Entries taken from a collection:

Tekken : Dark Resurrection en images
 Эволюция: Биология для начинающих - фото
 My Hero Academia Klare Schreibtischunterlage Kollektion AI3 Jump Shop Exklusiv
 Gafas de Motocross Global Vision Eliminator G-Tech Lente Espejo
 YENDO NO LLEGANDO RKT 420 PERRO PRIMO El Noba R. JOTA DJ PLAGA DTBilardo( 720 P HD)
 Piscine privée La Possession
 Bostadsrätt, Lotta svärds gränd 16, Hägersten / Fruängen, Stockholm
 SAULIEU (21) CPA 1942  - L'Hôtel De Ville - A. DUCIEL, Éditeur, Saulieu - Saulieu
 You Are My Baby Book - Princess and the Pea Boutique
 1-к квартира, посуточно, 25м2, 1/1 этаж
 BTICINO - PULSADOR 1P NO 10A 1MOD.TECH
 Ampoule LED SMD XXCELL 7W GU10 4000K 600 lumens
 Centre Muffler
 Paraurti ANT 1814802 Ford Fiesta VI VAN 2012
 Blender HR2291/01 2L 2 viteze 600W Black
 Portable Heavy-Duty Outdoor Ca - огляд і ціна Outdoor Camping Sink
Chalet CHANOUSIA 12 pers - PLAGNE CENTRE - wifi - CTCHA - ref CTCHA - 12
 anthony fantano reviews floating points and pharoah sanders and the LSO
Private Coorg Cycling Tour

§ **PROBLEM REQUIREMENTS**
Copy each line exactly, beginning at the one with "Chalet CHANOUSIA 12" and stopping after the last line of the entries. Include nothing else.

§ **RESPONSE**
Chalet CHANOUSIA 12 pers - PLAGNE CENTRE - wifi - CTCHA - ref CTCHA - 12
 anthony fantano reviews floating points and pharoah sanders and the LSO
Private Coorg Cycling Tour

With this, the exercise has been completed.